House may recommend importing onions

House may recommend importing onions

THE HOUSE of Representatives may be poised to recommend the importation of onions in a bid to lower domestic prices of the essential cooking bulbs, a congressman said on Monday.

In a statement, Party-list Rep. Erwin T. Tulfo said importing onions would foil the potential hoarding of onion supplies by local traders who want to artificially inflate market prices of the produce.

“We are closely monitoring the situation of local onion farmers, who are being exploited by traders in their wholesale buying of produce at unjustifiably low prices,” Mr. Tulfo said in Filipino.

Farmers are reportedly forced to sell their onion harvests at a loss of P20 per kilo, P5 short of its original cost of production.

Raul Q. Montemayor, national manager of the Federation of Free Farmers, said the government should also go after onion hoarders as they intentionally cause price spikes.

“Also look into hoarding because a large portion of newly harvested stocks are put into cold storages and sometimes deliberately withheld from the market to create artificial shortages and price spikes,” he told BusinessWorld in a Viber message.

“It seems like hoarders are just looking to let the issue die down first before they start buying and stockpiling onions again, just for them to sell at a higher price point later on,” Mr. Tulfo said.

“We have no problem importing onion produce, as long as it doesn’t enter while we still have enough local stocks,” Samahang Industriya ng Agrikultura Executive Director Jayson H. Cainglet told BusinessWorld in Filipino through a Viber message.

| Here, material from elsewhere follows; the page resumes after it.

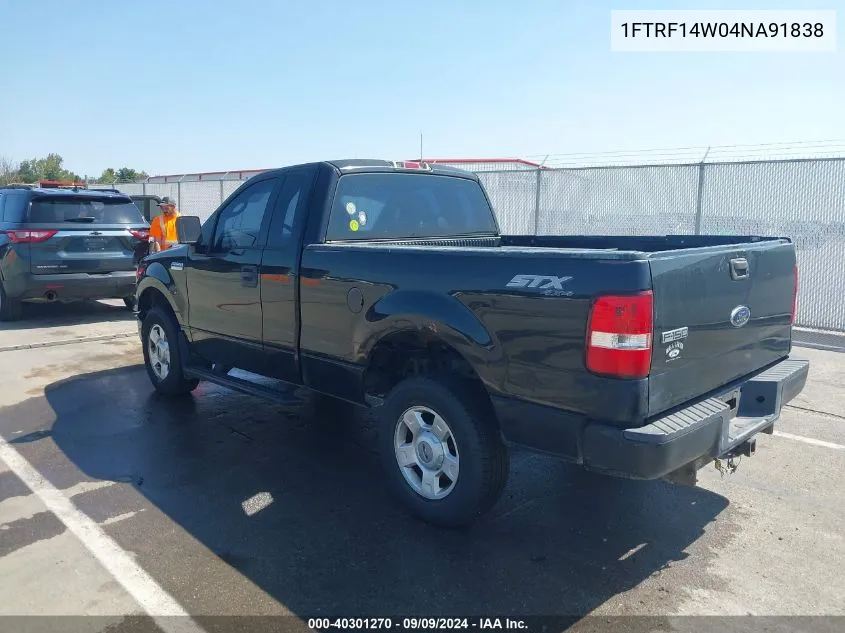 2004 Ford F-150 Stx/Xl/Xlt VIN: 1FTRF14W04NA91838 Lot: 40301270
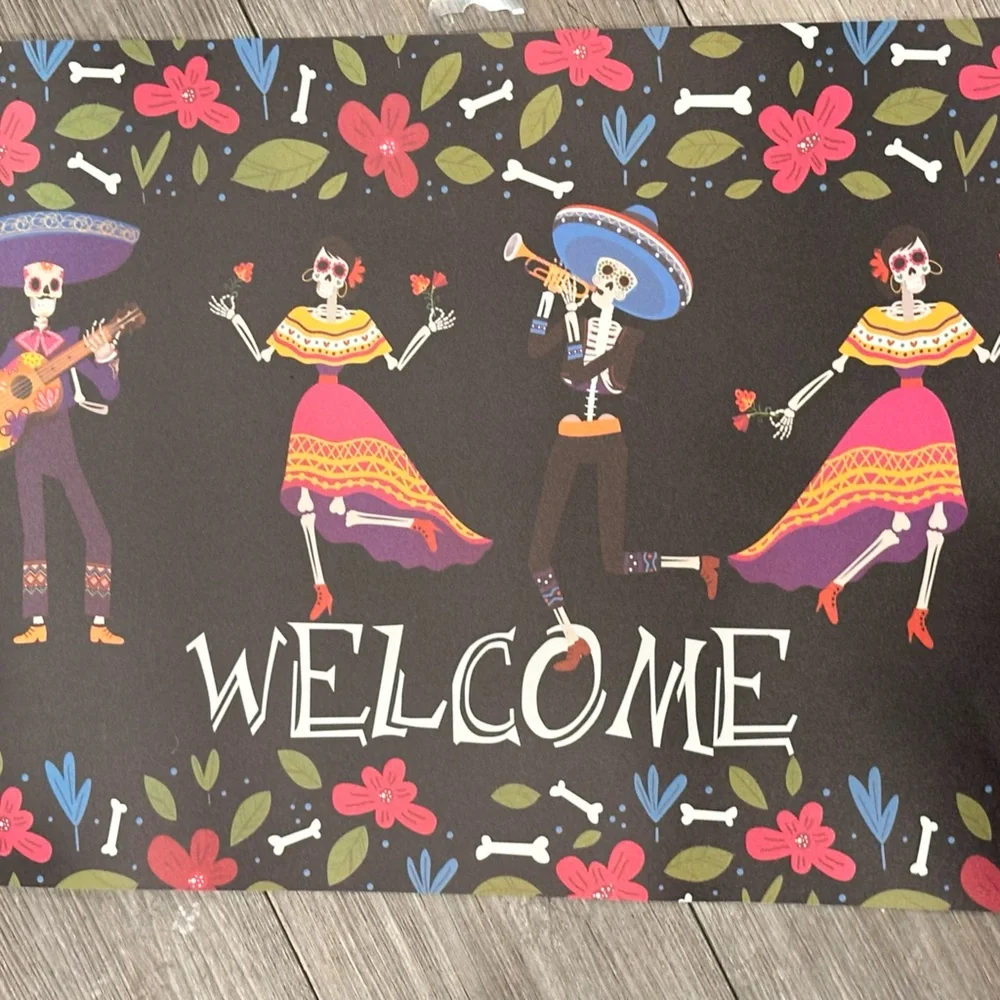 FREE NWT Day of the Dead Skeleton Welcome Mat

But he said the government should deplete the country’s onion stocks first before letting imported onion enter the market.

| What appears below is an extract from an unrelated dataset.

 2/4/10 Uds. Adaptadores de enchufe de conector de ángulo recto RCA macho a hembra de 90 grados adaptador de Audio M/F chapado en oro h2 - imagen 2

Commenting on low farmgate prices, Mr. Cainglet said: “The farmgate price for onions is low because there are a lot of smuggled onions in the market.”

Smuggled onions are often sold cheaper, forcing farmers to lower farmgate prices to be competitive.

Mr. Cainglet recommended that the government address smuggling to offer local farmers relief. “Next harvest (season), it is important to ensure that there are no imported or smuggled products in the market,” he said in Filipino.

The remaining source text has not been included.